Spark 101 - Integration with data sources

In the previous post I showed you how to build basic Spark programs. Building a basic
Spark application is the hello world scenario of Spark. Normally you'd use something
like a database to feed your algorithm in Spark and output the results of the
algorithm somewhere else.

But what can you connect to Spark and where do you leave the outputs of your program?

In this post I will show you some of the options you have to integrate your
Spark program with data sources. Hopefully you will slowly start to see where
Spark fits in your solution.

Please note I'm using Scala for the sample code in this post.
So things my differ a bit in other languages or may not work at all *grin*.
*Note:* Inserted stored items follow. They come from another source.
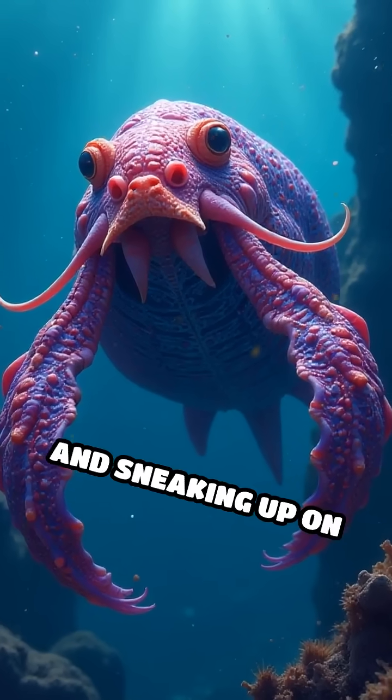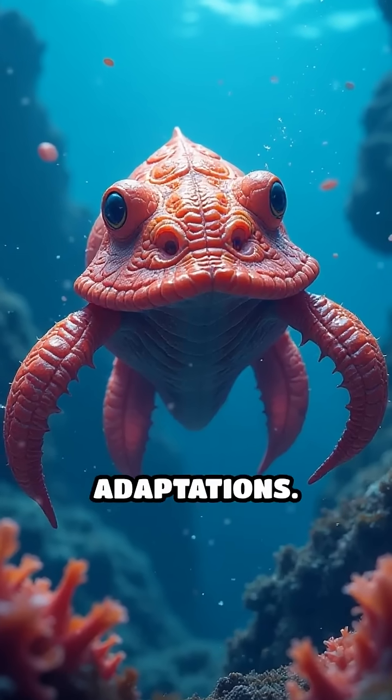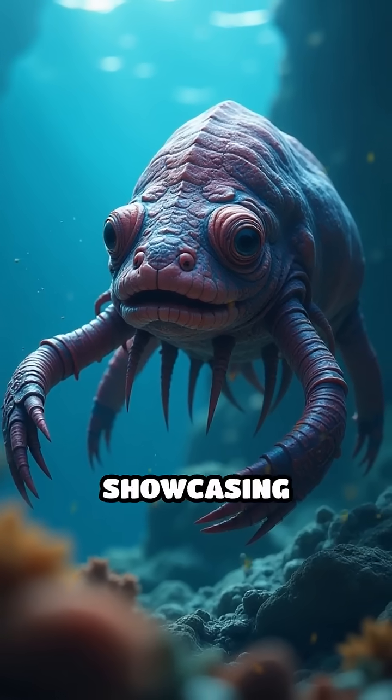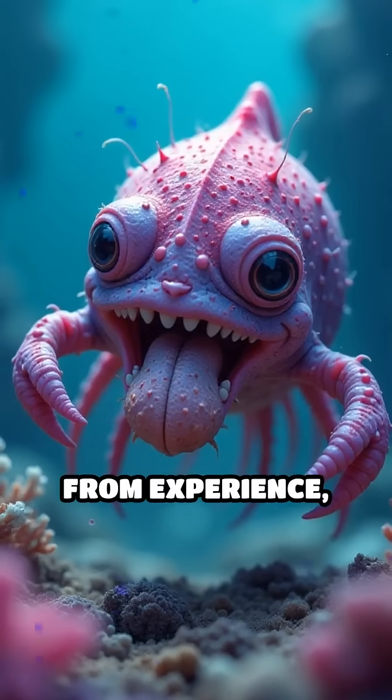This allows them to evade predators and sneak up on prey. But that's just the beginning of their astonishing adaptations. Cuttlefish are also highly intelligent, showcasing problem-solving skills that rival those of some mammals. They can learn from experience.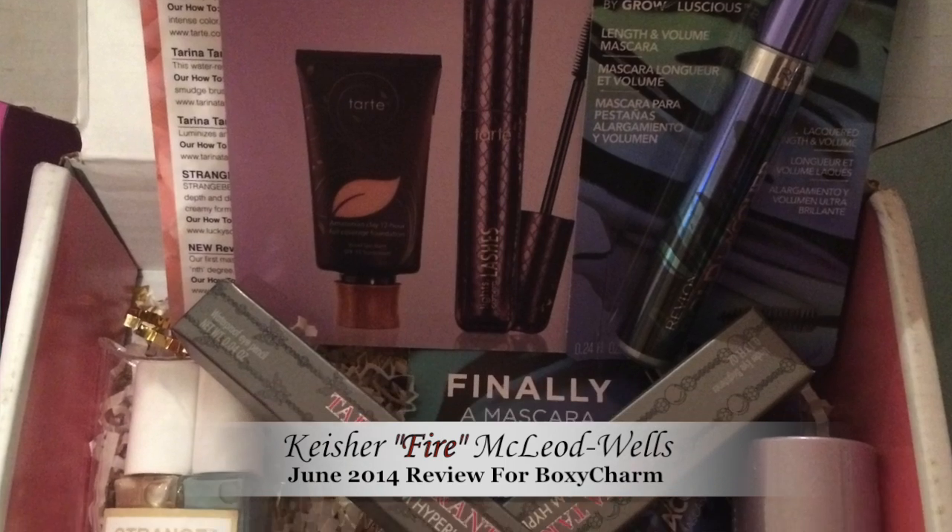BoxyCharm runs $21 a month, and the box comes like this. It's cute, but not as nice as GlossyBox. If you saw my other review, you would see what I'm talking about. But this box is not reusable — once you open it, you don't want to keep it for any reason, like GlossyBox. But what's inside is totally charming.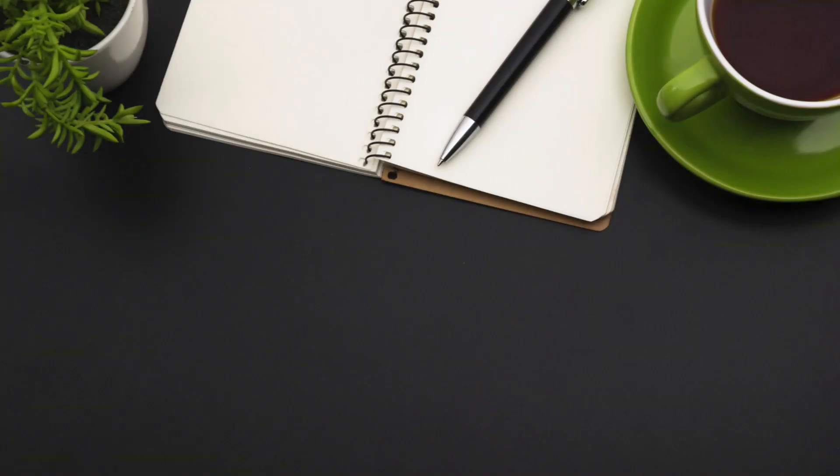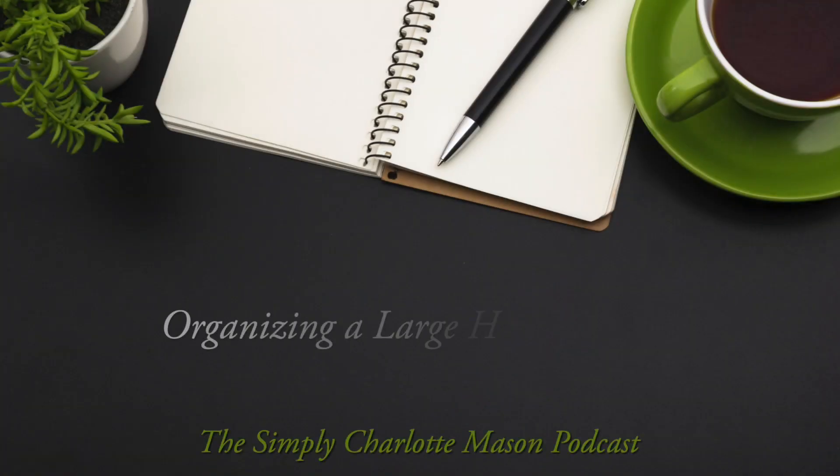Today I'm talking with Karen Smith about how she organizes her home library. Welcome to the Simply Charlotte Mason podcast. I'm Sonia Schaefer. In a previous episode, I talked with Laura Pitney about how we organize our home libraries, and I mentioned that I also wanted to talk to Karen Smith because she has a larger library than Laura or I do. So today, that's what we're going to do on this podcast.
Loading data for batch jobs

So the first and probably most well-known and well understood way to work with data
is by loading a bunch of rows from a database and processing them as a batch.

Something like SELECT * FROM customers is understood very well by most people.
In Spark you can do run batch oriented programs in a number of ways.

First there's the Spark SQL classes that you can use. One of the things you can
do with Spark SQL is to connect to a database through JDBC. You can connect to any
database from Spark SQL as long as there's a JDBC driver for it. For example,
you can use Microsoft SQL server or MySQL as a data source for your program.

To use the Spark SQL components you need to add a new dependency to your SBT file.

libraryDependencies += "org.apache.spark" %% "spark-sql" % "1.5.1"

After importing the new dependency you get access to a class called
SQLContext which provides access to a bunch of different data sources all of
them oriented towards working with batches of data.

It currently supports things like Parquet, JSON, Apache Hive and JDBC databases.
In this post I will keep it simple and connect to a MySQL database so be sure to
check out the documentation on how to connect to the other data source types.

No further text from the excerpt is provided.